▶ _Data supplied_:
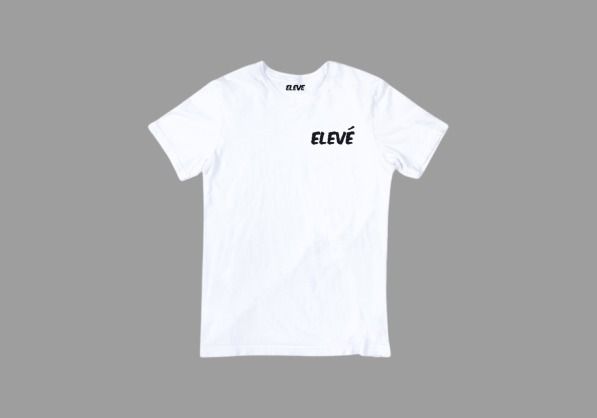 Text Logo Tee - White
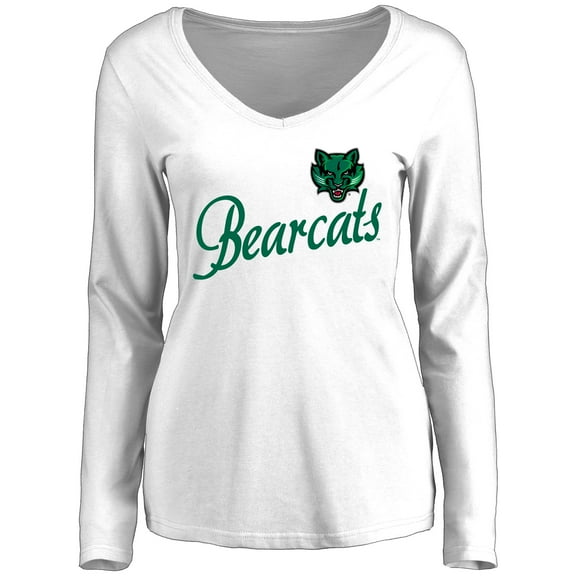 Women's White Binghamton Bearcats Dora Long Sleeve T-Shirt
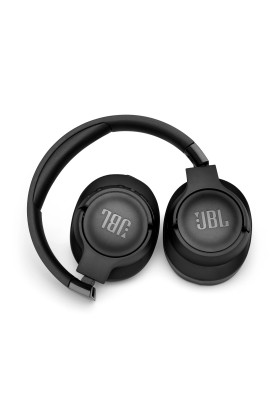 Навушники бездротові JBL Tune 760NC, Black, Bluetooth, мікрофон, акумулятор 610 mAh, технологія "Pure Bass", функція активного шумоподавлення, Google Fast Pair (JBLT760NCBLK)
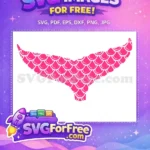 Free Pink Mermaid Tail Free Love Girl Free SVG - Instant Download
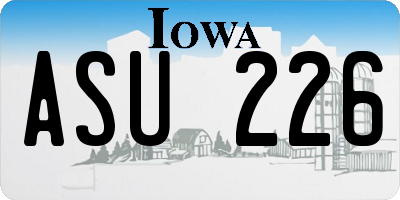 IA license plate ASU226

▶ _To do_: Apart from the pictures, all of the data must be duplicated exactly as shown above.

▶ _Result for this task_:
 Text Logo Tee - White
 Women's White Binghamton Bearcats Dora Long Sleeve T-Shirt
 Навушники бездротові JBL Tune 760NC, Black, Bluetooth, мікрофон, акумулятор 610 mAh, технологія "Pure Bass", функція активного шумоподавлення, Google Fast Pair (JBLT760NCBLK)
 Free Pink Mermaid Tail Free Love Girl Free SVG - Instant Download
 IA license plate ASU226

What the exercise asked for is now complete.